Print Page - small refactoring in globals.cpp

Title: small refactoring in globals.cpp
Post by: frithjofh on January 29, 2016, 05:44:37 PM

hi everybody,

took a look into file globals.cpp and I prose some refactoring of three functions:

- general code clean up
- improved readability
- simplification of logic
- removed some duplication
- speed up measured to be about 14% due, I suppose, to more cache locality (all is relative: on my machine, with my test case,... )

regards

frithjof

Title: Re: small refactoring in globals.cpp
Post by: oBFusCATed on January 29, 2016, 08:31:55 PM

GetVectorFromString should not call wxArrayString, because there is an additional copy!

Title: Re: small refactoring in globals.cpp
Post by: frithjofh on January 29, 2016, 09:51:11 PM

because first I have a const wxArrayString and then return a std::vector ?

my thoughts were: in the original function I have two vector's, one for the values in the function and the other as a copy during the return.

Now I have one wxArrayString and because the function is so "short" the unnamed object which is returned gets the benefit of RVO. so there are at most the same number of containers, at best even one less. the original function cannot count on RVO imho.

but maybe I get something wrong here...

thx for he feedback

Title: Re: small refactoring in globals.cpp
Post by: frithjofh on January 29, 2016, 10:03:26 PM

nah... I think you are right... there is an extra copy of the array... damm

Title: Re: small refactoring in globals.cpp
Post by: frithjofh on January 29, 2016, 10:11:19 PM

so maybe make a template function out of it in order to not textually duplicate the code... what do you think?

never mind... i am too tired to think strait

Title: Re: small refactoring in globals.cpp
Post by: oBFusCATed on January 29, 2016, 10:23:25 PM

A template is fine, but generally doesn't make much difference.

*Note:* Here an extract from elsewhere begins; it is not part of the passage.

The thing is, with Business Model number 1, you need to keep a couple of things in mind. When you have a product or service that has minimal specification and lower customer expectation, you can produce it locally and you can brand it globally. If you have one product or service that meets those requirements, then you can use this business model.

Title: Re: small refactoring in globals.cpp
Post by: frithjofh on January 29, 2016, 11:07:28 PM

not for the size of executable, but to avoid the duplicate

Title: Re: small refactoring in globals.cpp
Post by: frithjofh on January 30, 2016, 09:43:49 AM

factory recall !

found a strange error in my patch. sorry, haven't tested it enough, I think.

will post new patch these days

Title: Re: small refactoring in globals.cpp
Post by: frithjofh on January 30, 2016, 11:12:04 AM

here the new version of the patch.

discovered, that assign() for wxArrayString does something else than it should. it appends the given values instead of replacing the contents of the wxArrayString...

if anyone is interested, here my measuring in msec for the functions returning an array/vector from a string:

item count -	current arry -	new array -	current std::vec -	new std::vec
512	1	0	1	0
1.200	7	0	7	0
2.500	24	0	26	1
5.000	93	2	106	3
10.000	402	2	395	6

regards

Title: Re: small refactoring in globals.cpp
Post by: frithjofh on February 04, 2016, 09:15:02 AM

reworked the next function: EscapeSpaces

speed up in msec:

words in text \|	current version \|	new version
32	0	0
64	1	0
128	6	0
256	28	0
512	97	0
1024	388	0
2048	1570	0
4096	6264	1

removed the comment about speeding this function up.

some minor changes

regards

Title: Re: small refactoring in globals.cpp
Post by: Alpha on February 04, 2016, 10:13:45 PM

Have not tested, but it looks like GetStringFromArray() will have problems with an empty array.

Title: Re: small refactoring in globals.cpp
Post by: oBFusCATed on February 05, 2016, 01:07:41 AM

Why are you doing 3 iterations on the array in GetArrayFromString?
Why are you doing additional copy of the whole array?
And why are you doing Mid(a, npos-something) (hint happens when the array doesn't have a separator at the end)?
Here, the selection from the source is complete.